Mark Zuckerberg Is Making A Huge Move To Threaten Google's Search Business
Tech1 min read

mark zuckerberg

Win McNamee/Getty Images

Mark Zuckerberg

Facebook is testing a tool that will allow its users to search for posts using keywords. Bloomberg reports that some Facebook users on the mobile app have been given the option to search for old posts from their Facebook friends.

In a statement emailed to Bloomberg, Facebook called the experiment an "improvement to search on mobile." There's currently no indication whether the keyword search will roll out to all users, or if Facebook plans to bring it to the desktop site.

Facebook Search has long been considered an important area for the site, with CEO Mark Zuckerberg commenting in Facebook's July earnings call that "Search for Facebook is going to be a multiyear voyage."

Zuckerberg considers an expanded version of Facebook Search a powerful tool, one that could even rival search engine giant Google. In the site's Q4 2013 earnings call, Zuckerberg hinted at the value of allowing users to search through Facebook's vast amount of content, remarking "There are more than a trillion status updates and unstructured text posts and photos and pieces of content that people have shared over the past 10 years, and indexing that was a really big deal, because as the number of people on the team who have worked on web search engines in the past have told me, a trillion pieces of content is more than the index in any web search engine."
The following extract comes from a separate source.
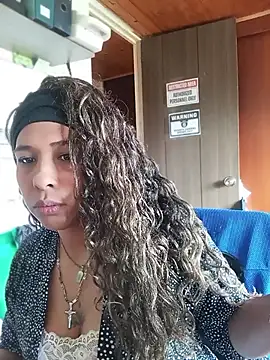 Ivon C online show from 05-08-26, 01:16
The roll-out of a proper search system on Facebook may see opposition from privacy campaigners, however. A $16 million class action lawsuit filed in a European court is seeking damages from Facebook for, amongst other allegations, the "unlawful" introduction of Graph Search. The limited Graph Search function was released in March 2013, and allowed users to perform basic searches to see, for example, which of their friends work at certain companies, or like specific pages.